Dia mengenali anak laki-laki yang pernah dirasukinya. Tetapi setelah sesaat terkejut, dia tidak tampak marah, “Meskipun aku berkomunikasi denganmu saat itu, kesadaranku kacau. Aku tidak ingat kematianku, atau pengalaman berubah menjadi hantu.”

Morden menatap tangannya, “Bahkan sekarang, aku bisa merasakan bahwa aku sedang dikendalikan—hanya diberi kebebasan mental sesaat.”

Dia menatap Saul, matanya dipenuhi emosi yang rumit. Kemudian, tiba-tiba, dia mengubah cara dia memanggilnya. “Kekuatanmu… bahkan lebih kuat dari yang kubayangkan.”

“Aku hanyalah murid Tingkat Dua saat ini. Aku tidak sekuat yang kau pikirkan.” Saul tidak menjelaskan lebih lanjut. Isi buku harian itu lebih baik dirahasiakan.

Melihat bahwa Saul tidak ingin mengatakan lebih banyak, Morden tidak mengorek-ngorek. Lagipula, dia berada di bawah kekuasaan orang lain—hidup atau matinya sepenuhnya bergantung pada kehendak Saul.

Morden sengaja berusaha menyembunyikan rasa takut di hatinya.

Dia bahkan tidak ingin mempertimbangkan kemungkinan itu: Jika kekuatan Saul tidak terbatas, bisakah dia mengendalikan semua jiwa?

Apa jadinya dia?

Penguasa Kematian?

Atau, menggunakan istilah awam yang mungkin diucapkan orang awam—Dewa Kematian?

Saat pikiran itu muncul, Morden langsung merasa kondisinya tidak stabil.

Cahaya bintang yang tenang di sekitar platform batu tiba-tiba meledak dengan tekanan ketakutan yang luar biasa.

Tekanan itu dengan cepat menjadi nyata, membuat Morden merasa seolah-olah organ dalamnya akan hancur.

Saul menyipitkan matanya saat wajah Morden berkerut dalam sekejap itu. “Tuan Morden?”

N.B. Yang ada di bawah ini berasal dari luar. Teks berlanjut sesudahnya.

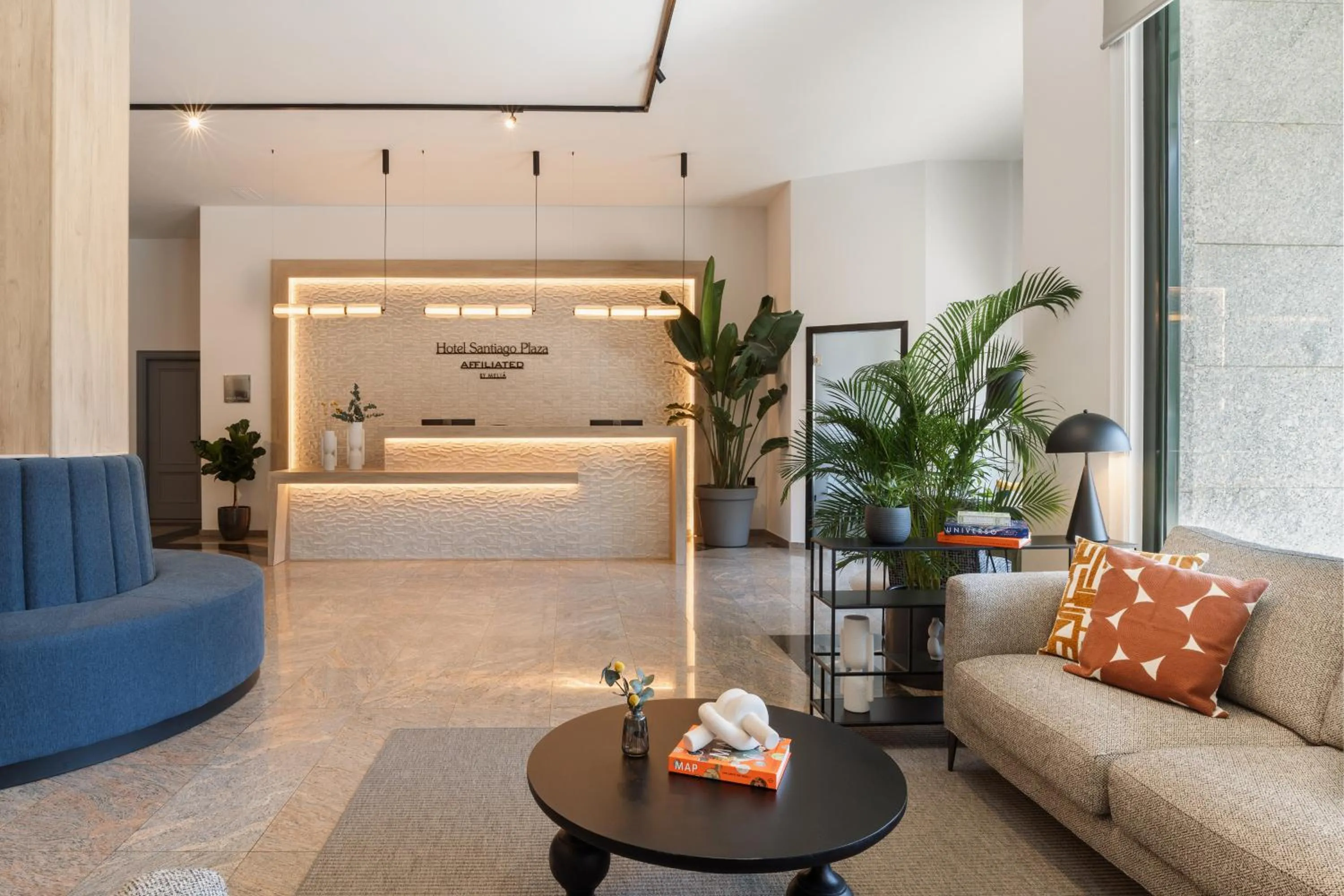 Facade/entrance in Hotel Santiago Plaza Affiliated by Meliá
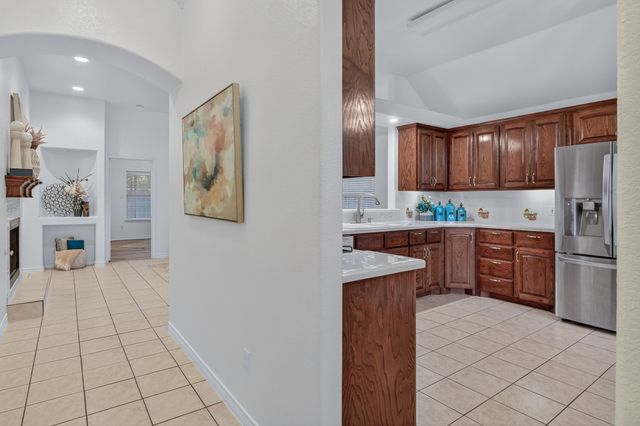 233 Adolphus Avenue, Lake Dallas, TX 75065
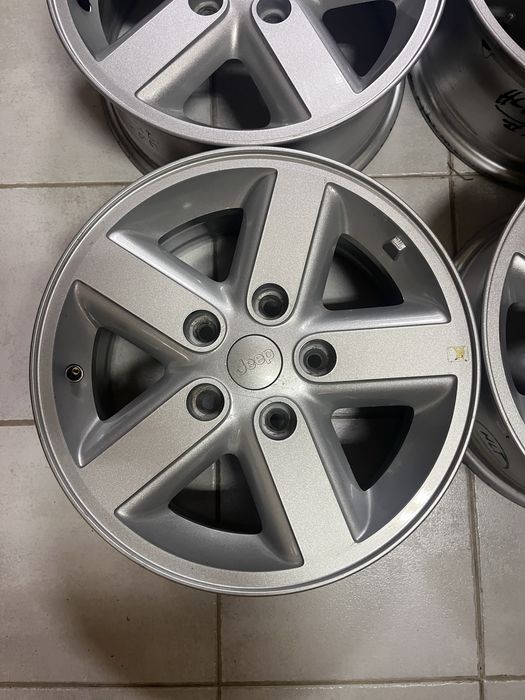Jantes 16” 5x127 Originais Jeep Wrangler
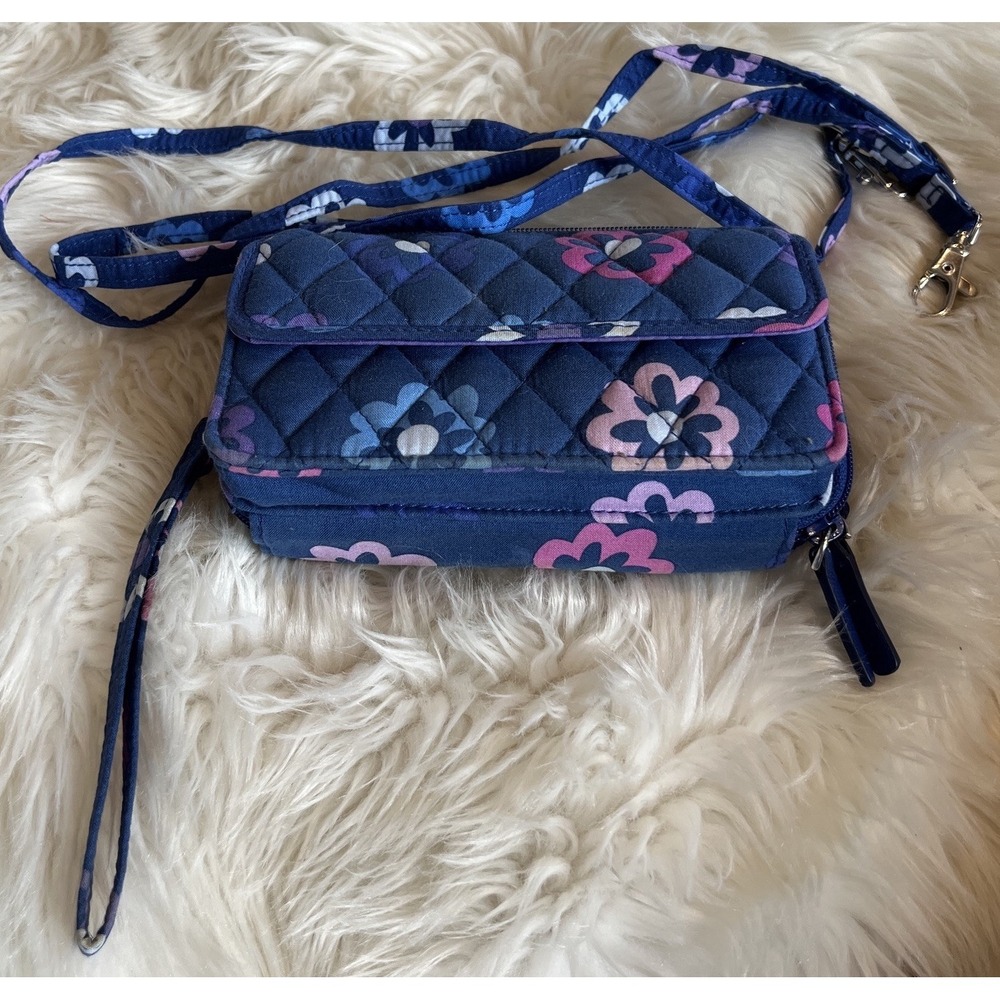 Vera Bradley Crossbody‎ Bag Purse Ellie Flower Pattern Cotton Quilted All In One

Morden tersentak keras, seolah-olah ditarik keluar dari mimpi buruk, dan segera menekan pikirannya.

Dia mengerti sekarang—ini bukanlah dunia biasa. Bahkan satu pikiran yang tak terucapkan pun dapat memunculkan teror yang tak terkatakan.

“Aku sedikit lebih sadar sekarang daripada sebelumnya. Apakah ada sesuatu yang perlu kau lakukan?” tanya Morden, terdengar sedikit gugup.

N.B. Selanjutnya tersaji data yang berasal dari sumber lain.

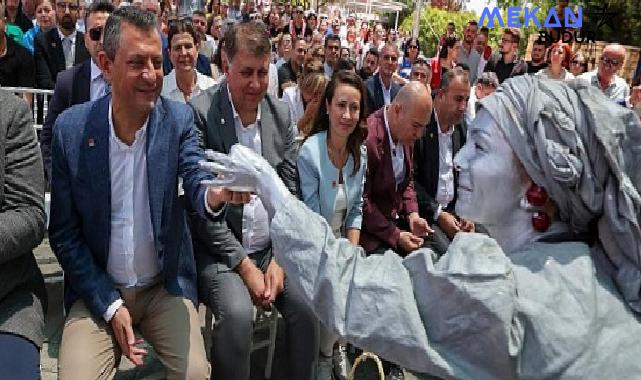 CHP Genel Başkanı Özgür Özel, Bornova Kiraz Festivali’nde konuştu: “İzmir ikinci memleketim”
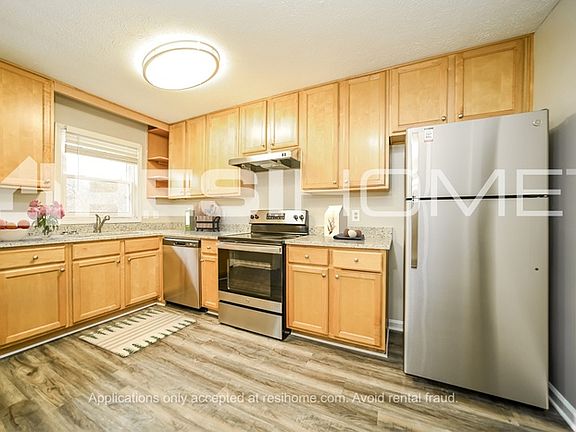 3rd image of 4887 Pebblebrook Dr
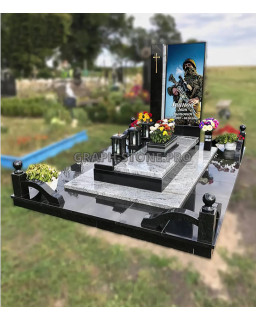 Пам'ятник з граніту Пам'ятник з граніту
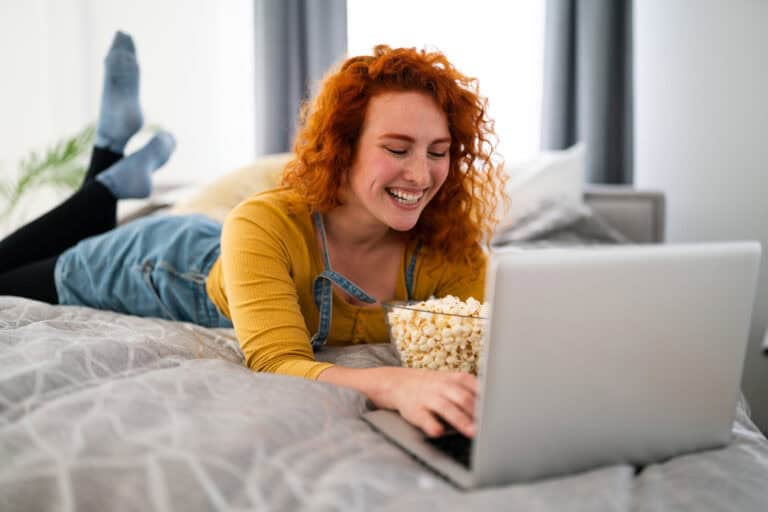 woman-using-a-vpn-service-to-watch-foreign-tv-programmes-on-her-dutch-streaming-service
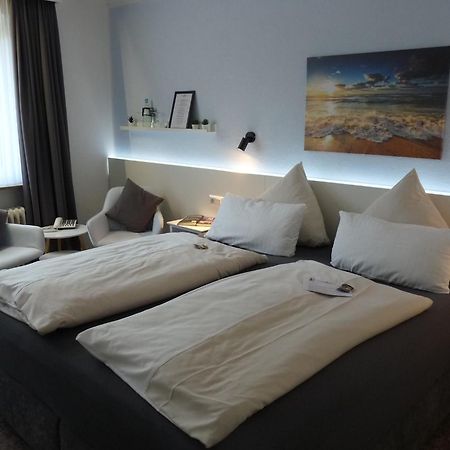 Hotel Zum Rosenteich Bad Zwischenahn Buitenkant foto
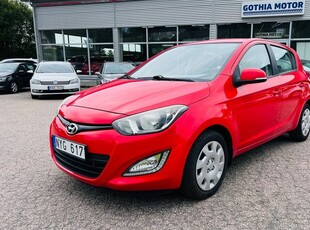 Hyundai i205-dörrar 1.4 Automat Fullservad 2 bruka 2013, Halvkombi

“Tidak untuk sekarang.” Saul tersenyum dan menundukkan kepalanya, merobek halaman milik Agu.

Agu muncul bahkan lebih cepat daripada Morden.

“Semakin jernih kesadaran mereka, semakin cepat mereka mewujud,” Saul menyimpulkan dalam hati.

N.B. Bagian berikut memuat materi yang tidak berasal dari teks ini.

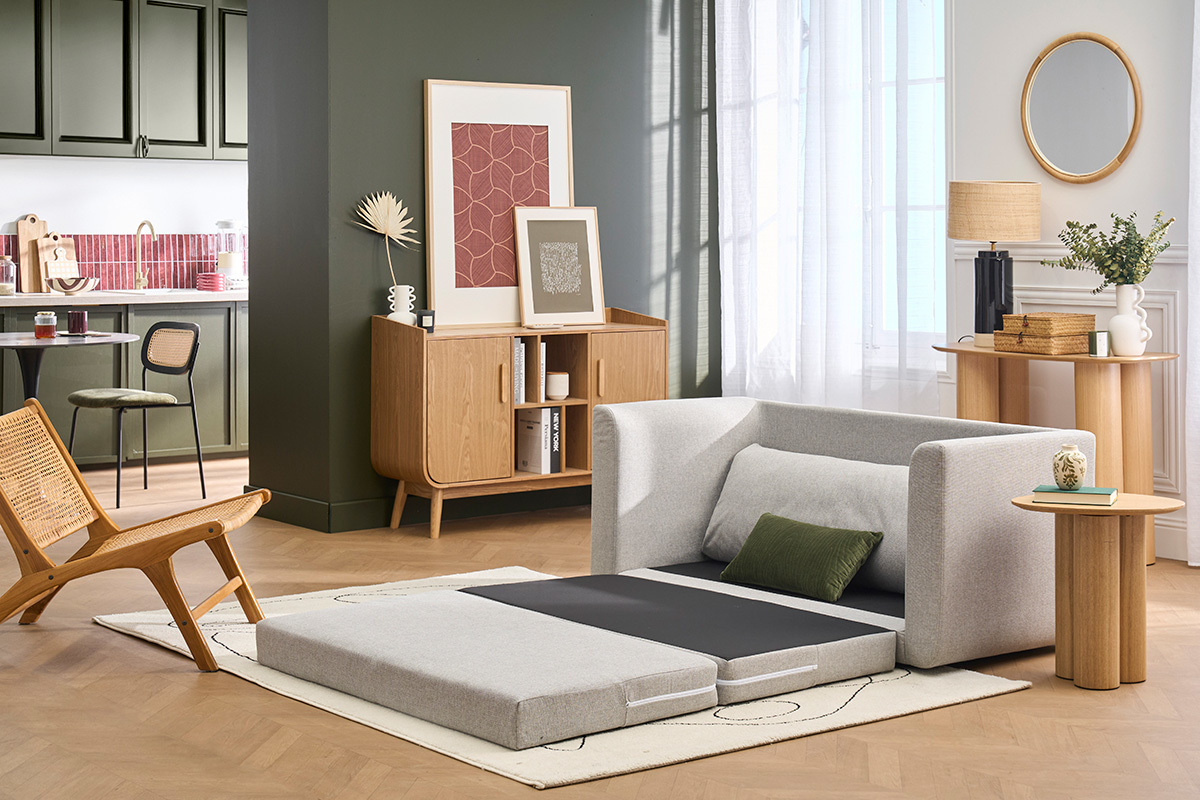 2-Sitzer Schlafsofa aus hellgrauem Stoff LEON, ausgeklappt in einem modernen Wohnzimmer.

Begitu Agu muncul, dia tidak langsung berbicara. Sebaliknya, dia dengan hati-hati mengamati sekitarnya.

Melihat platform batu raksasa di bawah kakinya, kehampaan yang gelap gulita, dan sumber cahaya yang menyerupai bintang di dalamnya, ia tak bisa menyembunyikan kekagumannya, “Apakah ini… Dunia Lain?”

“Dunia Lain?” Hati Saul berdebar. Ia pernah mendengar Billy menyebut istilah itu sebelumnya, tetapi itu tampaknya terkait dengan para elf.

Mendengar suara Saul, Agu segera berbalik dan membungkuk dengan hormat.

“Maafkan kekasaran saya, Tuan.”

Ia menyadari bahwa tubuhnya sendiri semi-transparan, sementara tubuh Saul tampak sepenuhnya padat dan hidup.

Sebagai penyihir Tingkat Dua dengan pengalaman hidup berabad-abad, dan pernah menjadi pustakawan lama untuk keluarga Gorsa, ia langsung memahami situasinya saat ini.

Ia bahkan tidak berani memikirkan pemberontakan meskipun mobilitasnya sementara.

Karena ia tahu betul—terkadang, semakin banyak kebebasan yang tampaknya dimiliki seseorang, semakin ketat belenggu tak terlihat itu.

Ketika Agu melihat lelaki tua berkaki lima di samping Saul, ia segera menjadi waspada dan bergerak di depan Saul, memposisikan dirinya lebih dekat daripada Morden.

“Tuan, apakah ini tubuh jiwa yang telah Anda taklukkan?”

“Tuan?” Saul belum mengucapkan sepatah kata pun, tetapi Morden adalah yang pertama menjawab. “Memang… aku pun seharusnya memanggilmu Tuan.”

Dia tidak peduli dengan perbedaan kekuatan di antara mereka, dan dengan hormat menundukkan kepalanya.

Kemudian, Herman yang kebingungan berdiri di samping tiba-tiba mengikutinya dan berkata, “Tuan.”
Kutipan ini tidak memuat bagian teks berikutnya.